Segment Start: Information shown
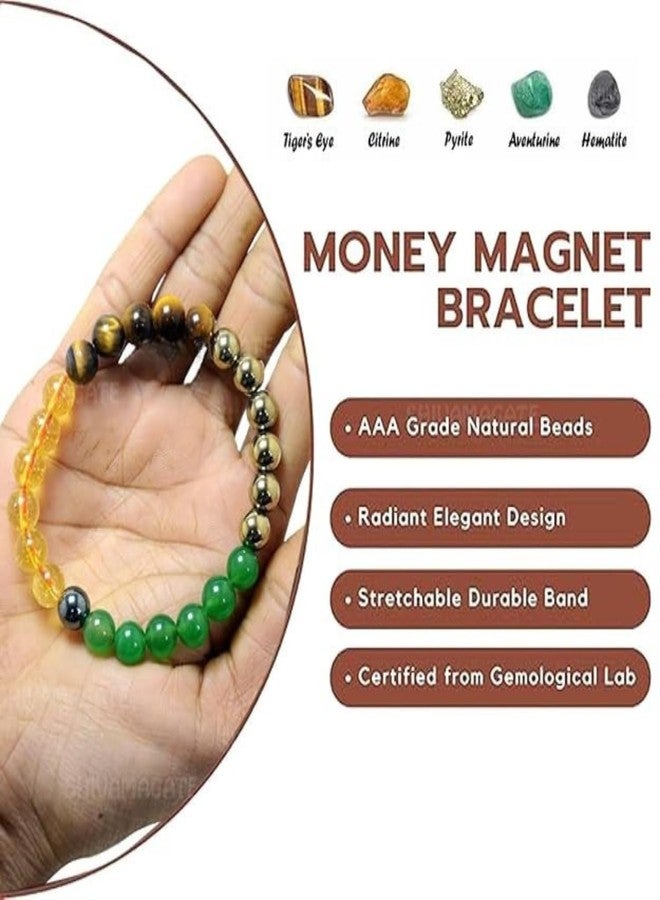 Sukhad Money Magnet Bracelet for Wealth & Success | Certified Natural Multi Stone Healing Bracelet | Business & Prosperity Crystal for Men & Women | Stretchable 8mm Beads - Image 5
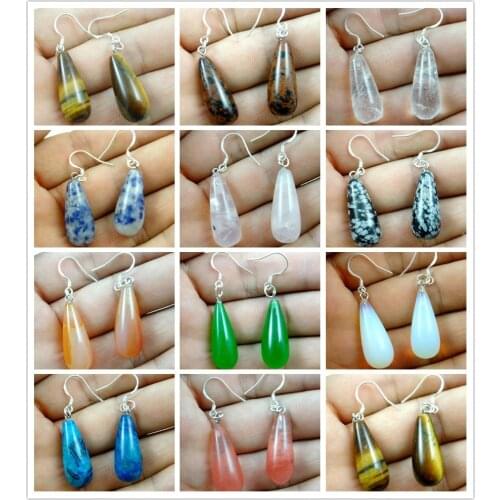 Natural stone tiger eye Turquoises Quartz Crystal Opal Water droplets earring pendant for diy Jewelry making earring Accessories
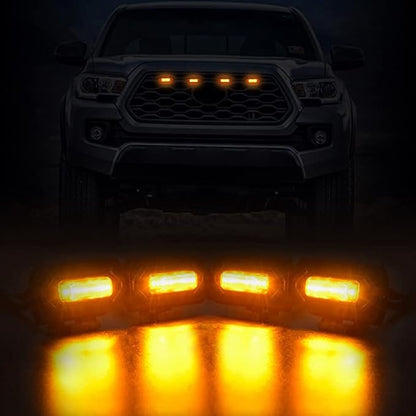 Upgraded Grill Lights 4PCS for Toyota Tacoma 2020-2023 TRD Off Road and TRD Sport OEM Grill, Tacoma Accessories Replacement LED Warning Lights with Fuse (Amber Light/Amber Lens)
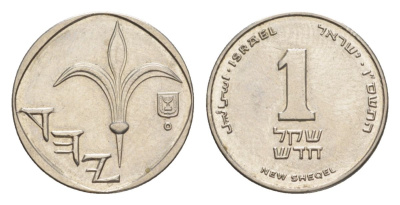Израиль 1 шекель 2006 JE 5766 KM 163 медно-никель 4632-142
Segment End: Information shown
**Problem statement:**
Your task is to write out, exactly and without pictures, only the lines from the one holding "Upgraded Grill Lights" to the last line of the data.

**Finished exercise:**
 Upgraded Grill Lights 4PCS for Toyota Tacoma 2020-2023 TRD Off Road and TRD Sport OEM Grill, Tacoma Accessories Replacement LED Warning Lights with Fuse (Amber Light/Amber Lens)
Израиль 1 шекель 2006 JE 5766 KM 163 медно-никель 4632-142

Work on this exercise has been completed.